As a photographer, there is always something new to learn; sometimes the amount of information and new gear and techniques out there can seem mind blowing.  What should you be doing?  What gear is best to be using?  It’s enough to make a sane person crazy.

I’m always looking for new things to learn, and I get overwhelmed sometimes, too.  But nothing has changed my photography more, and there is nothing I like learning more about, than off camera lighting.  I am fairly sure that the day that I first took my flash off-camera, I heard a choir of angels singing.  This is amazing!  I can control the light!  I can control its direction!  I can make the background completely black even in a lit room?  I can create extremely dramatic lighting in my living room between commercials of American Idol?  Yes, yes, yes, and yes!  And I can tell you how to do this, too!
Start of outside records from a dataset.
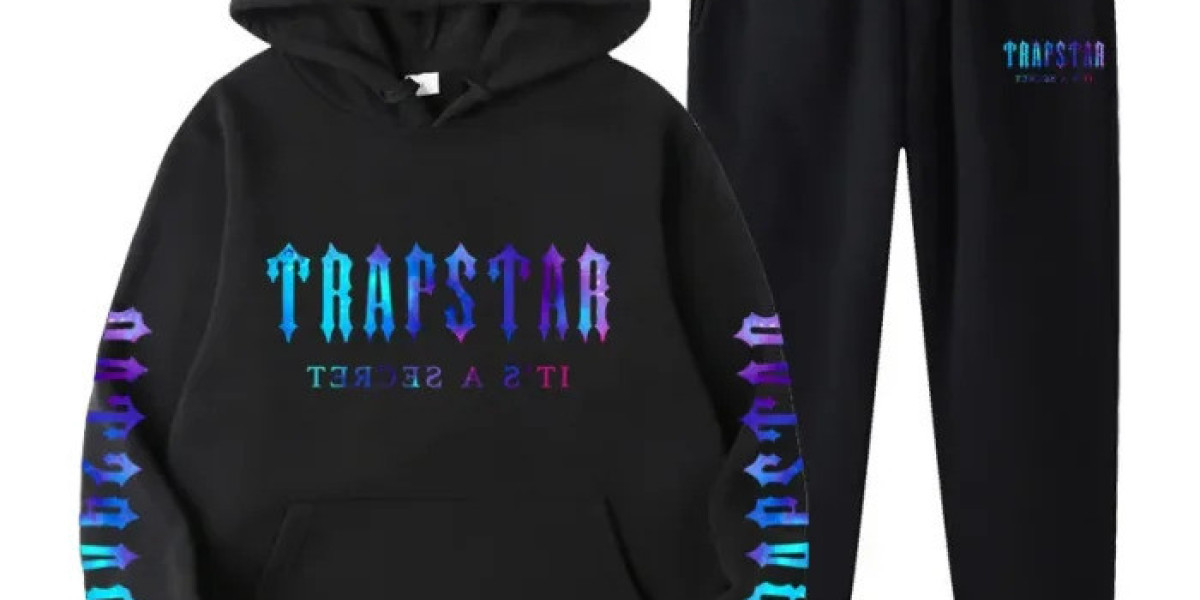 Trapstar Clothing: The Legacy of London Streetwear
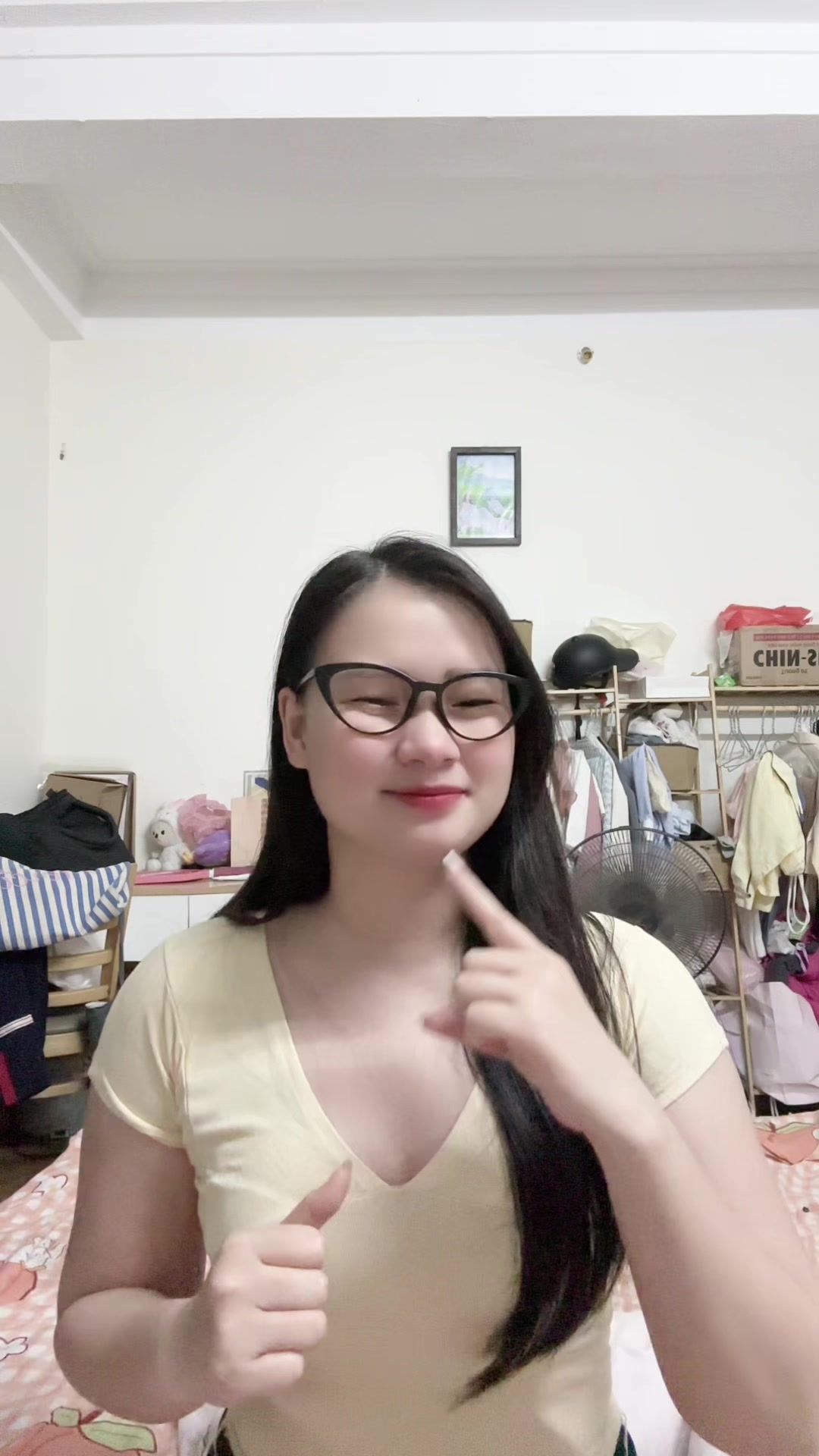 @Kem Bebe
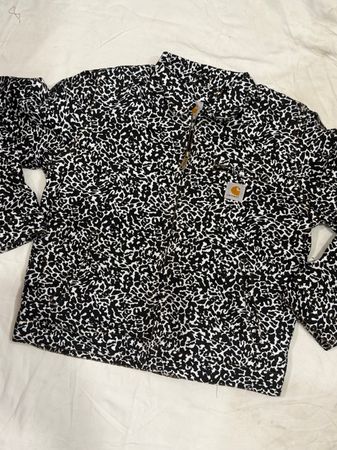 Jaquetas estilo Rework Carhartt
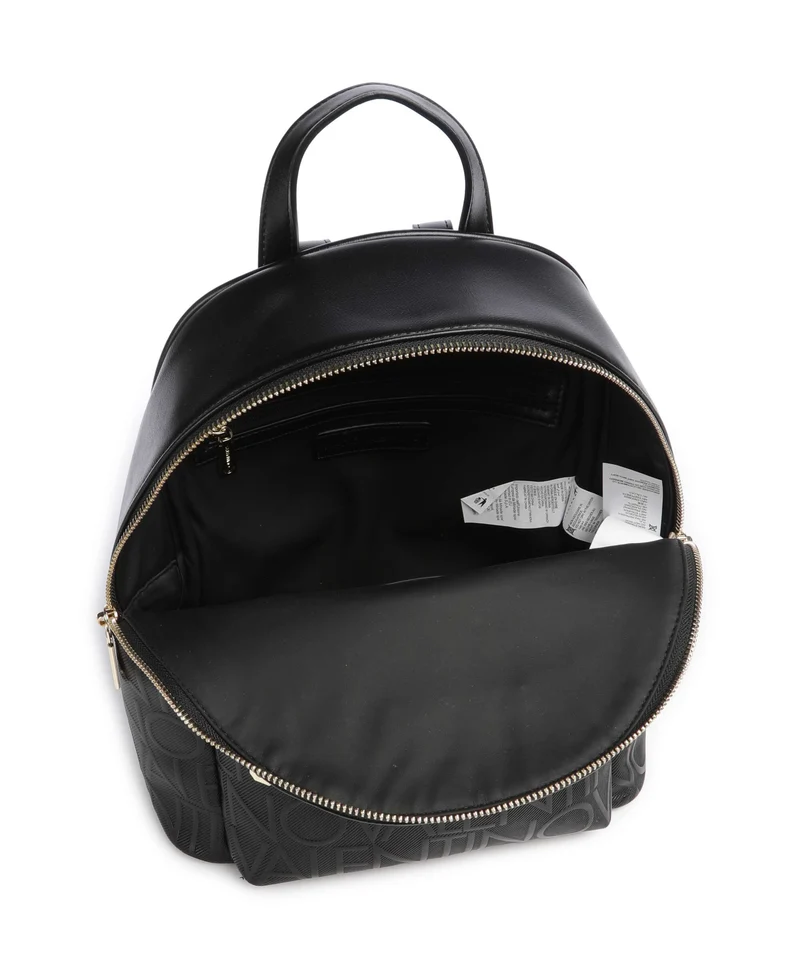 Valentino Bags Gynevra Re Rucksack nero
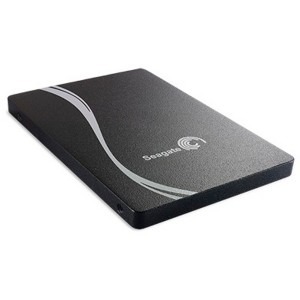Seagate 600 Series 120GB SATA-III 2.5 inch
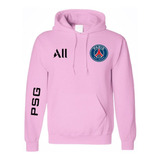 Blusa Para Frio Moletom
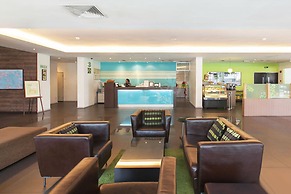 The LimeTree Hotel
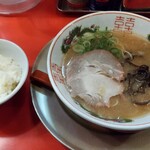 博多ラーメン ガツン - 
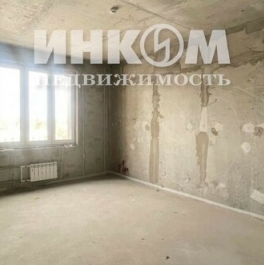 Продажа 3-комн квартиры на вторичном рынке улица Малыгина,  д. 12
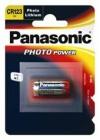 Батарея питания CR123 Panasonic Photo Power Картинка Батарея питания CR123 Panasonic Photo Power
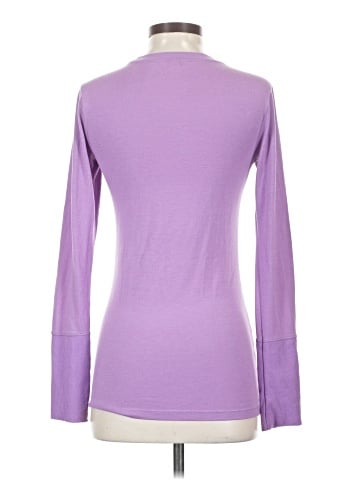 Under Armour Long Sleeve T-Shirt (view 2)
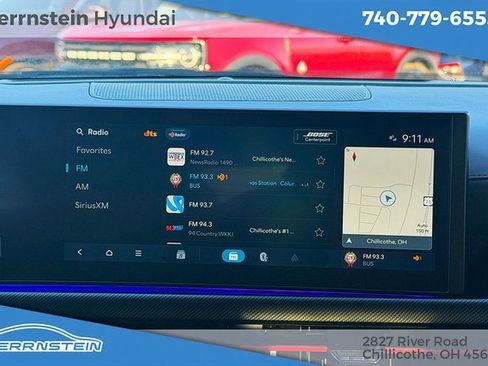 Used 2024 Hyundai Sonata N Line image 7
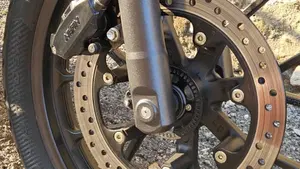 Honda GB 350 S (2025 - 26)  (8)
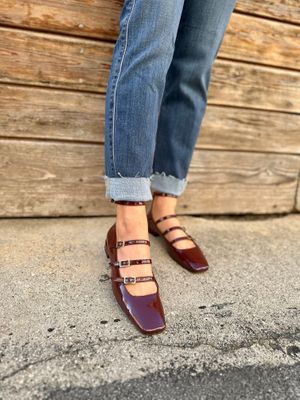 VEGAN SHOES ITALY - Scarpe Vegane 100% Artigianali - VSI BETH at Vegan Shoes Italy in Cittadella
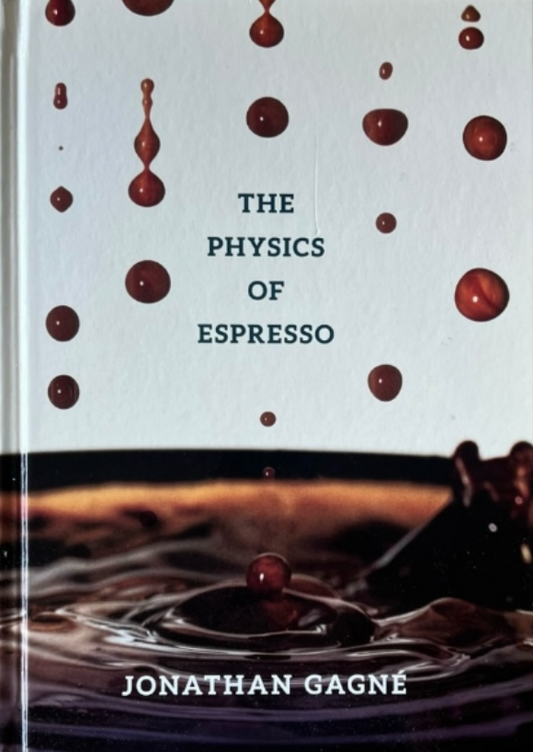 Physics of Espresso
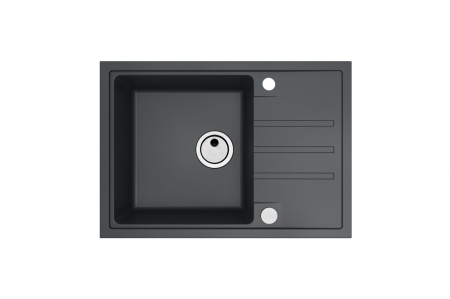 Bucătărie - Chiuveta compozit Intermezzo 40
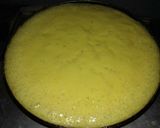 Foto langkah ke 6 dari resep Bika Ambon Khas Medan (Legit pakai teflon).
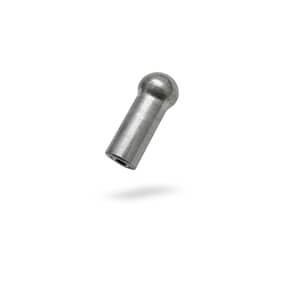 Endekugle til kabel, 8 mm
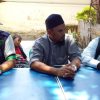 FUI Sulteng Kecam Pembakaran Bendera Tauhid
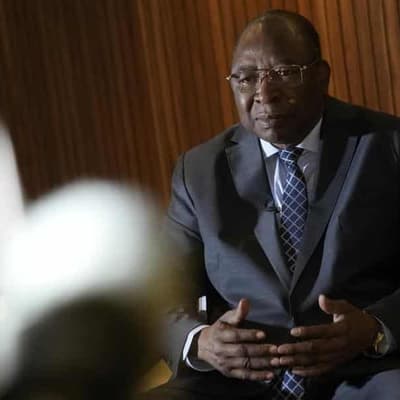 Niger's ousted PM hopes talks can end military coup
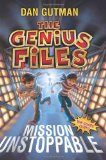 Genius Files Cover art for Genius Files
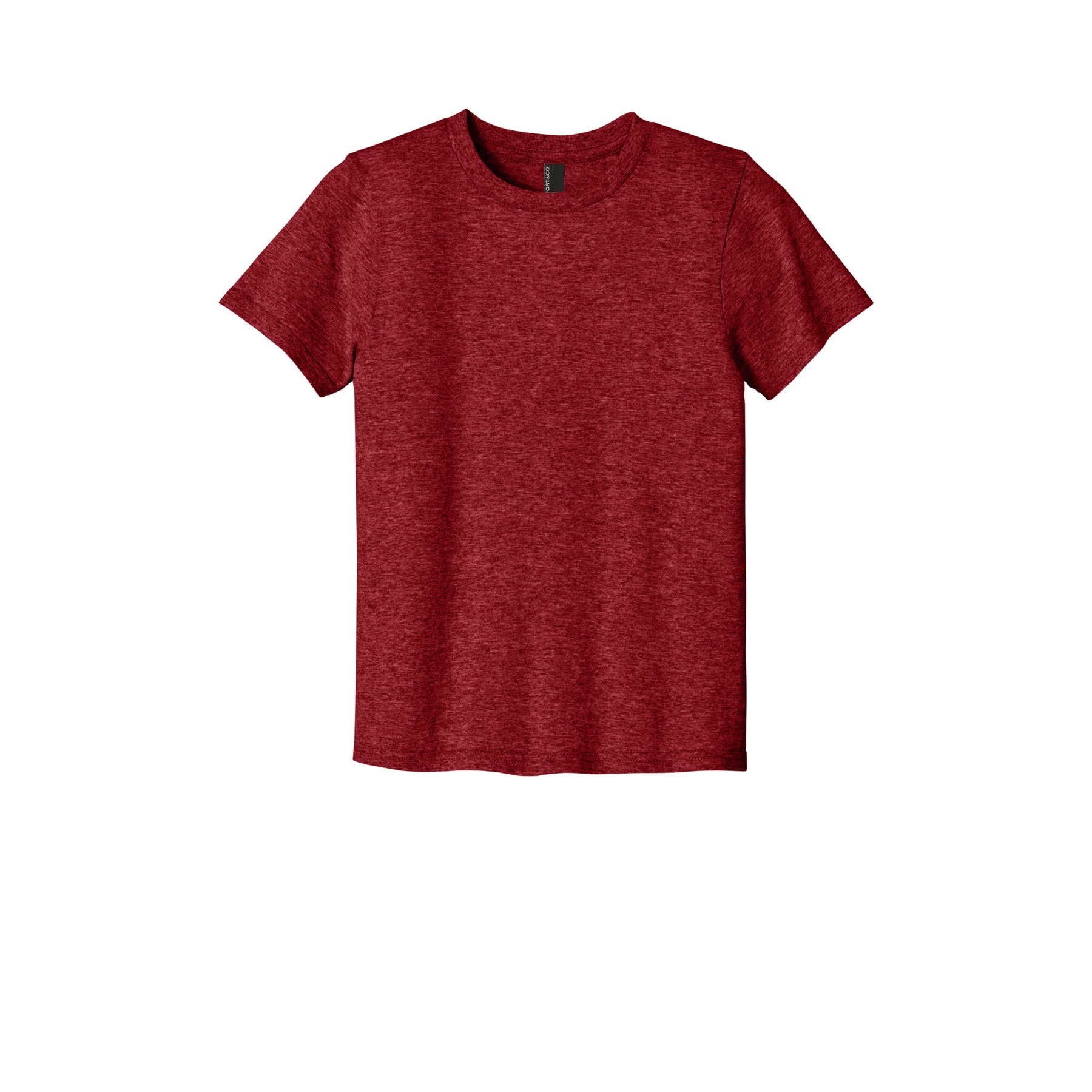 Youth Easy Cotton Tee - Thumbnail Image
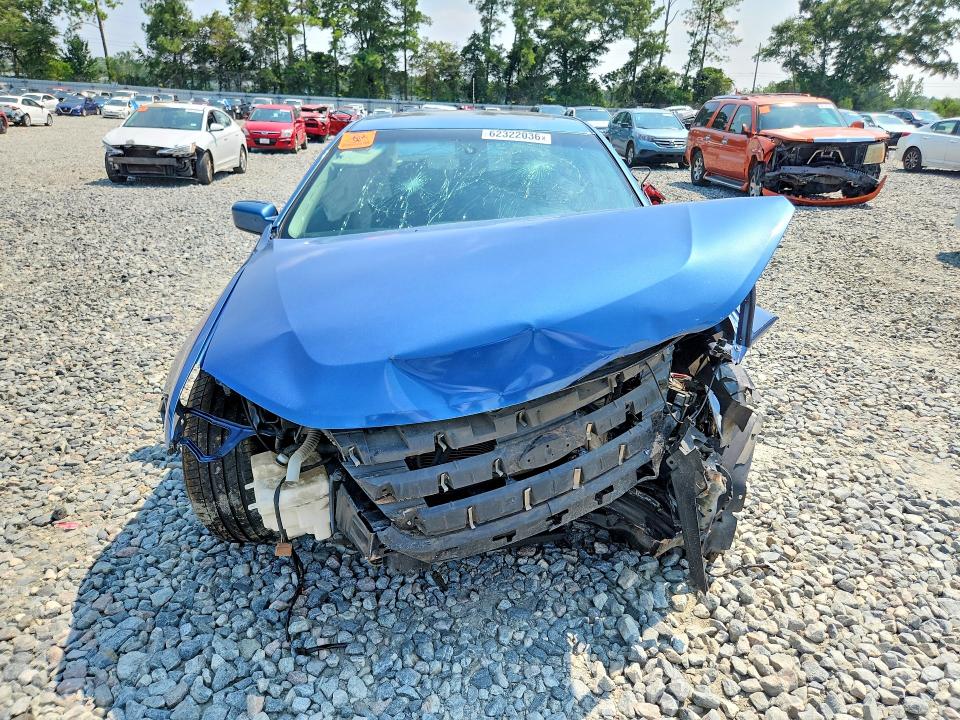 Продаж на аукціоні авто 2010 Ford Fusion, vin: 3FAHP0HG3AR294520, номер лоту: 62322036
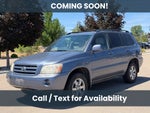 2007 Toyota Highlander V6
I currently use one off-camera light for portraits.  I started with using my flash (I shoot Canon, so that would be a 430exii).  I now have an Alien Bees B800 which I use most of the time, but each method has its pros and cons, and you can get the same or very similar results whether you are using a flash or a strobe.

There are several things you will need to create portraits with off camera lighting:

  • An off-camera light source (flash or strobe such as Alien Bees, Einstein, etc.)
  • A method for triggering your off-camera light source.  Some cameras are able to use their built-in pop-up flash to trigger an off-camera flash; check your manual to determine if this is possible.  Other cameras are not able to do this and you will need a trigger/receiver set.  You will need triggers/receivers for all off-camera strobes.
  • A light modifier.  This is optional, but definitely desirable.  Modifiers include an umbrella, softbox, or (my favorite), the beauty dish.
  • An understanding of your camera’s max sync speed…what it is and what it represents.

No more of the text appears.